Die Besitzer von Schafen, Ziegen, Rindern, Pferden, Schweinen und Hühnern fürchten mit der Rückkehr der großen Beutegreifer in den Alpen, dass Nutztiere ihnen vermehrt zum Opfer fallen. Nicht unbegründet, denn seit Wolf und Co. wieder durch Österreichs Wälder streifen, kam es immer wieder zu Tierrissen.
Der Herdenschutz rückt in den Fokus. Spezialisten sollen daher die Bauern im deutschsprachigen Alpenraum gezielt im Herdenschutz ausbilden, erklärte Max Rossberg von der European Wilderness Society anlässlich einer Herdenschutzkonferenz der deutschsprachigen Alpenländer.

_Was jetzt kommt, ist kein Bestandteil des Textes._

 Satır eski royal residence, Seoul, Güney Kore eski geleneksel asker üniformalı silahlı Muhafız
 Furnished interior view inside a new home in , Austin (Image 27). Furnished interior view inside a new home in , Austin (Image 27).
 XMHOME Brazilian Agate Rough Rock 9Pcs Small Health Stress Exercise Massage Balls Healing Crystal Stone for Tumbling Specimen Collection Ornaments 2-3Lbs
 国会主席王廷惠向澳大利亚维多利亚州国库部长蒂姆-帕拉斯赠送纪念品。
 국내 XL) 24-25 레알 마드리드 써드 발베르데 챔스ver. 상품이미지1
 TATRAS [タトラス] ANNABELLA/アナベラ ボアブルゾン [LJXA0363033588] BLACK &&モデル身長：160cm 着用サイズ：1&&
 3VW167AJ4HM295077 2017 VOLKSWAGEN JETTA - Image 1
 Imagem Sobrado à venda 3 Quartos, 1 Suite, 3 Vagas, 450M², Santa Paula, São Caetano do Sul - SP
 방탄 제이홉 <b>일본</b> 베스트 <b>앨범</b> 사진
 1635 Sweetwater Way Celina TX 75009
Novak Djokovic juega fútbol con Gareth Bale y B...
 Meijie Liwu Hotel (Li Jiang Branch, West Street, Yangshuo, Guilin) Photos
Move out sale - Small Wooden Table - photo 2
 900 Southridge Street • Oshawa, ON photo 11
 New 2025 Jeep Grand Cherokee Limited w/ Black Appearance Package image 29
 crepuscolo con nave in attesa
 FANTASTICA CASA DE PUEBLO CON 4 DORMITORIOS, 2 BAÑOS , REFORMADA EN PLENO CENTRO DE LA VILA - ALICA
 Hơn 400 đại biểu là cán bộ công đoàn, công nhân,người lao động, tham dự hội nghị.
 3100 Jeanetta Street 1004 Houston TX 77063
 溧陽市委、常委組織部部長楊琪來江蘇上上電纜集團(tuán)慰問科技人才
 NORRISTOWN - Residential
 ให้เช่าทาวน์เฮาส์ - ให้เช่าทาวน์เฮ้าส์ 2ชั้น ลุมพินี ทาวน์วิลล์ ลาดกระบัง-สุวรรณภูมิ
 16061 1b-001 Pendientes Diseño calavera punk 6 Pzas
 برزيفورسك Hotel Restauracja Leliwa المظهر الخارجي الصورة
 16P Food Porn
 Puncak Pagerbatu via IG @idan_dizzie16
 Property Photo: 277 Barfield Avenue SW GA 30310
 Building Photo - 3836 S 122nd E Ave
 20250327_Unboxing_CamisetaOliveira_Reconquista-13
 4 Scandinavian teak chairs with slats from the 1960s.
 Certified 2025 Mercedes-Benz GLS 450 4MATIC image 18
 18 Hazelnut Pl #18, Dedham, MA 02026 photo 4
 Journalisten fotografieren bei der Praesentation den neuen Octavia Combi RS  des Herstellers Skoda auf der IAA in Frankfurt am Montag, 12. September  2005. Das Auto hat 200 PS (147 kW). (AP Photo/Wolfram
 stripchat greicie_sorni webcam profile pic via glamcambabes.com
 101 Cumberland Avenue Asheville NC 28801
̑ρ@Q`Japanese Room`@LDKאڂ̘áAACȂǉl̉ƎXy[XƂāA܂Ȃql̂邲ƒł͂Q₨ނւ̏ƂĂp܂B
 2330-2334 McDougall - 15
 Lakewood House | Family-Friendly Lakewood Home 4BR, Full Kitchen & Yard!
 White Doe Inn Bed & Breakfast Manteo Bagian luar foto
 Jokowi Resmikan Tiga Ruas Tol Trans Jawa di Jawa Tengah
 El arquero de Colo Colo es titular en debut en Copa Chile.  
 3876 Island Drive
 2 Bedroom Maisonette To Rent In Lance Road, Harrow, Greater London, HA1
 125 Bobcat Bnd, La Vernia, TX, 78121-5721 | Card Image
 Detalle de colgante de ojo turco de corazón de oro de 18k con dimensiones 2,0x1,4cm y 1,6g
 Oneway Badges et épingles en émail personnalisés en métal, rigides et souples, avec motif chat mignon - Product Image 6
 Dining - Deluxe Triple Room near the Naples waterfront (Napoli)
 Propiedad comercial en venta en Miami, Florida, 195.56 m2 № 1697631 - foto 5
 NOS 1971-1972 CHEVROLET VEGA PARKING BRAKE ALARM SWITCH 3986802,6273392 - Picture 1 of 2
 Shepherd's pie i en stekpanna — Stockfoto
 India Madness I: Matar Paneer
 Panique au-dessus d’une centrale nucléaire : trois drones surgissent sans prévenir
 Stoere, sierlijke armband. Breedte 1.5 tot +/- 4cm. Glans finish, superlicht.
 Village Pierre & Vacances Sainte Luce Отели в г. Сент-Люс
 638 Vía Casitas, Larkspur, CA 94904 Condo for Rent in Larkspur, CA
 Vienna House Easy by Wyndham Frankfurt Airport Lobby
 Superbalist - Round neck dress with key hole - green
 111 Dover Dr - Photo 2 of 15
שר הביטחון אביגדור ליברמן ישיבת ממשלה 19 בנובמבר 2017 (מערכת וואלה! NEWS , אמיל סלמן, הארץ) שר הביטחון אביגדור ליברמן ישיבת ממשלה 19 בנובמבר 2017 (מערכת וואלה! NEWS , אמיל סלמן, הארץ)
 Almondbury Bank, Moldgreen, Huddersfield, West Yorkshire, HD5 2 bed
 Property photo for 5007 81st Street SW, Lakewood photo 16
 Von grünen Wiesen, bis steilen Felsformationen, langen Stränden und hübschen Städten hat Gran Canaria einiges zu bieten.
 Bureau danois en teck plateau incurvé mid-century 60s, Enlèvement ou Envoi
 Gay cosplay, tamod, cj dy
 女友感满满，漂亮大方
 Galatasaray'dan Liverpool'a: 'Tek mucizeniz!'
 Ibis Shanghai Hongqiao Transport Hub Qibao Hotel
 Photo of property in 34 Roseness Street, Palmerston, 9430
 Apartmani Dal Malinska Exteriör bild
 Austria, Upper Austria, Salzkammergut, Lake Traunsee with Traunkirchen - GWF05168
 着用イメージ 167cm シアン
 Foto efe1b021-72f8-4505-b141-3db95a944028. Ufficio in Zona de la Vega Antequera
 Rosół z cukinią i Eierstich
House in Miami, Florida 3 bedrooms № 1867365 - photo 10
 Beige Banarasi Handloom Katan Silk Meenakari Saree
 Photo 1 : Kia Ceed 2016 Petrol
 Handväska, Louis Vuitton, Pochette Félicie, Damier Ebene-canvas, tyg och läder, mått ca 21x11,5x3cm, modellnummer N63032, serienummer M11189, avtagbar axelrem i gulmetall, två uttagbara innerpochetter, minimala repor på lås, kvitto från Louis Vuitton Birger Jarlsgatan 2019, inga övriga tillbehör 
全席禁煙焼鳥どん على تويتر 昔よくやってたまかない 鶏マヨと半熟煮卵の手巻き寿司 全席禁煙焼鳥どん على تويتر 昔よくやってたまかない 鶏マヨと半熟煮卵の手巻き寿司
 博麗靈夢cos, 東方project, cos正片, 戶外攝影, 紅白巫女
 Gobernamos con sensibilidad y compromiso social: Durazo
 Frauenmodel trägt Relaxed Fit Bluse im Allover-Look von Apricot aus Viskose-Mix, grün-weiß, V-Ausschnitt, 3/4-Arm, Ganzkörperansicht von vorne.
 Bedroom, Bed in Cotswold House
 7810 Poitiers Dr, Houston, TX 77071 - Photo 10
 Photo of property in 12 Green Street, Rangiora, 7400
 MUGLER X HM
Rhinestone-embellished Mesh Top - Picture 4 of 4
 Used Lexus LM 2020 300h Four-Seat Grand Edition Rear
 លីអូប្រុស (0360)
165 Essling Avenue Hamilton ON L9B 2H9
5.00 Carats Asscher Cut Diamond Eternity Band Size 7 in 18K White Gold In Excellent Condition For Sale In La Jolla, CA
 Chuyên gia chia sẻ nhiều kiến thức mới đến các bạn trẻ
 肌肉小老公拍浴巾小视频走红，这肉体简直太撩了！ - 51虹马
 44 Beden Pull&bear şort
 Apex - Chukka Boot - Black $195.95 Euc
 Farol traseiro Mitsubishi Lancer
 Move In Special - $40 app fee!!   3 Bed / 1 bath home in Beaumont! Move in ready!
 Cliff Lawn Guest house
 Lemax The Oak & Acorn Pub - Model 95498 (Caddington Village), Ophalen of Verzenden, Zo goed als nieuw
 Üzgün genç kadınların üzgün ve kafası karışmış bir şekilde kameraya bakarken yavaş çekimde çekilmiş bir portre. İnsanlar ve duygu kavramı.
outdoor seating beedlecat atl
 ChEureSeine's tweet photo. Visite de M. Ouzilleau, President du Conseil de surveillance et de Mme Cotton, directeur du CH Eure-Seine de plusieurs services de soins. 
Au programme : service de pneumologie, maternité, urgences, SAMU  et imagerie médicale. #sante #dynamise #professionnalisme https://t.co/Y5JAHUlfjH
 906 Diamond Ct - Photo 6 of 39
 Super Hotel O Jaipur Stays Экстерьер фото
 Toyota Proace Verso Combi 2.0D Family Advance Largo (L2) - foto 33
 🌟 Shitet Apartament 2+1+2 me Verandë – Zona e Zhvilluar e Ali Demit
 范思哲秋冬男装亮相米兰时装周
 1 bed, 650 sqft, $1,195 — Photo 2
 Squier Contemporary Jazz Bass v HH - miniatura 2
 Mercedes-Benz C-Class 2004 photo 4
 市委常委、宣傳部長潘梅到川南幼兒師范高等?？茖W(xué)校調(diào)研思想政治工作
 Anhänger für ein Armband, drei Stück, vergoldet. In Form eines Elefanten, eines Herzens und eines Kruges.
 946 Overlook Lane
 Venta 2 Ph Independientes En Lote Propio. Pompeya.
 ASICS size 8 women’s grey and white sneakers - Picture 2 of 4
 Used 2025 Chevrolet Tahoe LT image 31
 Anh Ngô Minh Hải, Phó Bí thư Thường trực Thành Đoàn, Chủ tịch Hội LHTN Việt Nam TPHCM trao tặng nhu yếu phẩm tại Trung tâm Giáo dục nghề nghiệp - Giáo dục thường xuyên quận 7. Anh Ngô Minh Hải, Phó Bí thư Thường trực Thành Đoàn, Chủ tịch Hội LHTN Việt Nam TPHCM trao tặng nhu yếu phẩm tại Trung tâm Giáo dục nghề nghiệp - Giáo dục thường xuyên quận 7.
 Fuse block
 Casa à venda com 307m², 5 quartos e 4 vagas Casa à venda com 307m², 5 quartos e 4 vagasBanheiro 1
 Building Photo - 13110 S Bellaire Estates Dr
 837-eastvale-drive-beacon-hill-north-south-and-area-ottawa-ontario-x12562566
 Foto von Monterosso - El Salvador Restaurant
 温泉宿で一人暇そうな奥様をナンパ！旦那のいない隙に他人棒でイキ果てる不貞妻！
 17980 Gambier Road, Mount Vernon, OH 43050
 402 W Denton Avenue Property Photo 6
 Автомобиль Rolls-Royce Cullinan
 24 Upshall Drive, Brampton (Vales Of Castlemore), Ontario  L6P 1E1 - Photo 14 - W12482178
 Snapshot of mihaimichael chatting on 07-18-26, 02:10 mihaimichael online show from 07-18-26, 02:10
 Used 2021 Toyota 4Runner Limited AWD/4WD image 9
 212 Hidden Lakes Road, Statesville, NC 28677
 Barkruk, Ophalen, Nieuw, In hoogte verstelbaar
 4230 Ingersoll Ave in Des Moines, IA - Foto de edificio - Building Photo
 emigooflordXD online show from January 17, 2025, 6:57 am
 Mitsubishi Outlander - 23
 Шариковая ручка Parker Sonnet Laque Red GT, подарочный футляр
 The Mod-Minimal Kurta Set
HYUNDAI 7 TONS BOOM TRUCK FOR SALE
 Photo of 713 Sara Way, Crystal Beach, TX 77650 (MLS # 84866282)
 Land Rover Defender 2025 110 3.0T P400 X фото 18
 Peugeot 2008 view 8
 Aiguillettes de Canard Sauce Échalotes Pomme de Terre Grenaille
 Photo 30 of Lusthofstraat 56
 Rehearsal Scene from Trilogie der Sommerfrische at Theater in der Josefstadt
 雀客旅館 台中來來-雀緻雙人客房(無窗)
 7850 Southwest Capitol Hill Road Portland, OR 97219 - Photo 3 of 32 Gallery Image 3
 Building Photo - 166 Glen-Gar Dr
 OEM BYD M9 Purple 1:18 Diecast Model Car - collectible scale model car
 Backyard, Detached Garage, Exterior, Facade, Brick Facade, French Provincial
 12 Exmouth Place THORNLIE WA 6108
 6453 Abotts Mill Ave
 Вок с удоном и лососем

Die betroffenen Betriebe sollen ihre Herden dadurch nachhaltig schützen können.
Der Biobauernverband „Bio Austria Niederösterreich und Wien“ leitet dazu das von der EU mit knapp fünf Millionen Euro geförderte „LIFEstockProtect“. Er will seine Mitglieder informieren, welche Möglichkeiten es gibt, die Nutztiere vor Angriffen der Beutegreifer zu schützen. „Biobauern sind besonders betroffen, weil sie verpflichtend Weidehaltung im Grünland betreiben müssen und ihre Tiere nicht einfach in den Stall treiben können, wenn der Wolf kommt“, so Rossberg.
In den kommenden fünf Jahren sollen Herdenschutzexperten aus der Landwirtschaft über 1000 Personen in 180 praktischen Kursen ausbilden, erklärte er. Jeder Nutztierhalter könne sich dazu anmelden. Weiters will man etwa die Hirtenausbildung forcieren. Diese solle an den landwirtschaftlichen Schulen angesiedelt werden. Man sei gerade dabei, die Kontakte herzustellen, erklärte Albin Blaschka vom Österreichzentrum Bär, Wolf, Luchs. In Bayern etwa sei die Ausbildung ein dreijähriger Lehrberuf. Wie genau das in Österreich aussehen soll, ist noch in der Entstehung.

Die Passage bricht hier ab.